Admittedly, in the last few years, it's become a bit more acceptable to be a vegetarian for either health-related or environmental reasons. As we've learned more about the negative health effects of a high-meat diet, our society has been a little less suspicious of those who refrain from meat eating at the suggestion of their doctor. Likewise, as we've learned about how meat consumption is a major contributor to climate change and other environmental problems, more and more people are a tad more accepting of green-motivated vegetarians.

What we are still not really accepting of, however, is vegetarianism as a moral choice - specifically, as a choice to avoid eating a living thing that not only had to be killed to be on a dinner table, but (unless you are eating organic meat) was also most likely tortured in the process. When you tell people you don't eat meat because you don't like killing animals, inevitably, you will be met with a look that can be described as falling somewhere between innocent surprise and irritated disgust.

The morality - the killing issue, really - is why I am a vegetarian. While I am happy that my vegetarian has positive personal health and progressive environmental implications, I have come to feel uncomfortable eating animals, especially those that are most commonly eaten: those that are mass produced, tortured and murdered by an inhumane factory farming industry.

That's exactly what goes on at most of the places where most of the meat is produced in this country. These are animal concentration camps, as any of the award-winning works of journalism about factory farming (my favorite being the classic, Fast Food Nation) have shown.

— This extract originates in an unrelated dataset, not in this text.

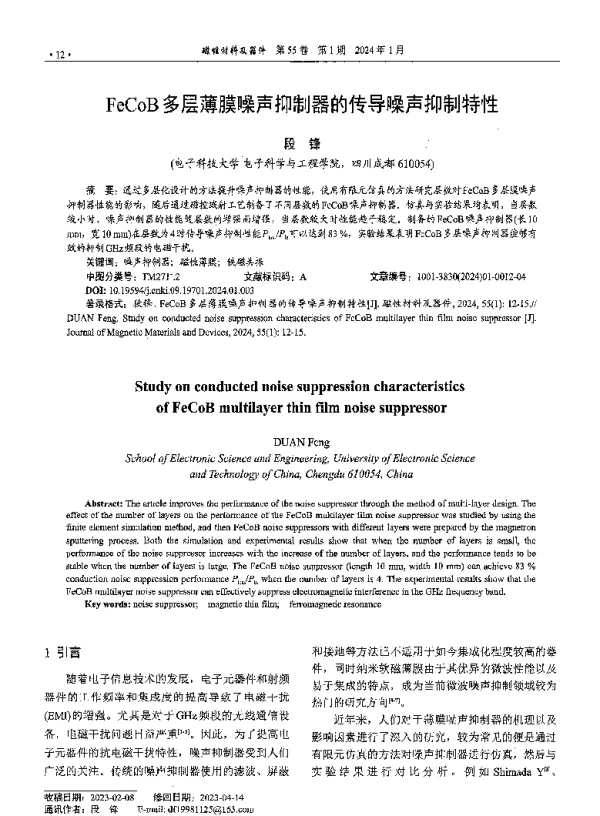 FeCoB多层薄膜噪声抑制器的传导噪声抑制特性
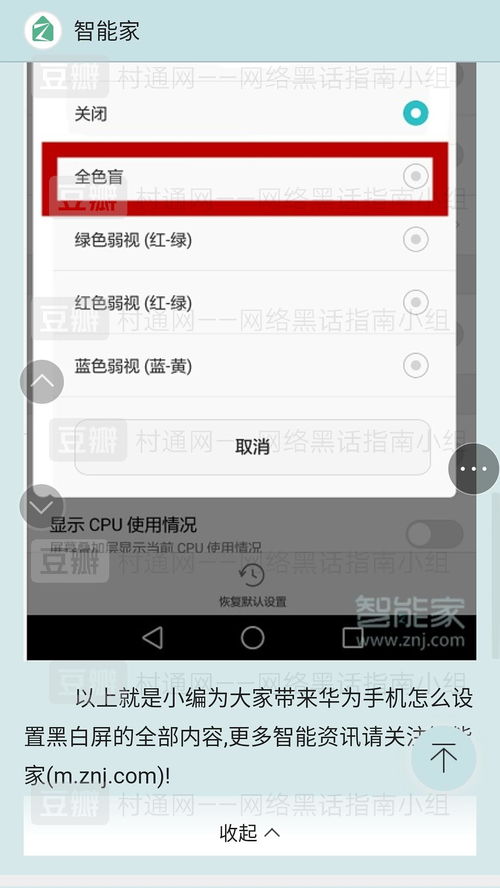 华为手机怎么全黑白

For the most part, animals are treated as pure commodities, not living beings.

In a sense, this is quite strange in a country that is also one of the most loving of domestic pets like dogs and cats. Somehow, many of us make a distinction to care for Fido like part of our family, while regularly chowing down on, say, tortured baby calves penned up and starved for their artificially short lives.

But in another sense, it's quite predictable. Because we don't hear much about what factory farming really is - because we don't regularly hear and/or don't regularly want to hear about the terrible conditions for animals in these factory farms - we don't usually think of the hypocrisy. Out of sight, out of mind - and when in sight, it's angry rationalization time.

Yes, I'm sure the typical dumbshit "meat eating 'merican" has been taught to read these last few paragraphs about animal torture/murder and criticize me as a "pussy" or a "wimp" and tell me to "man up." It's the same rationalizing reaction you'll get when you tell people you aren't interested in hunting, because you don't find it all that "fun" to chase a frightened fleeing animal through the woods and blow its brains out.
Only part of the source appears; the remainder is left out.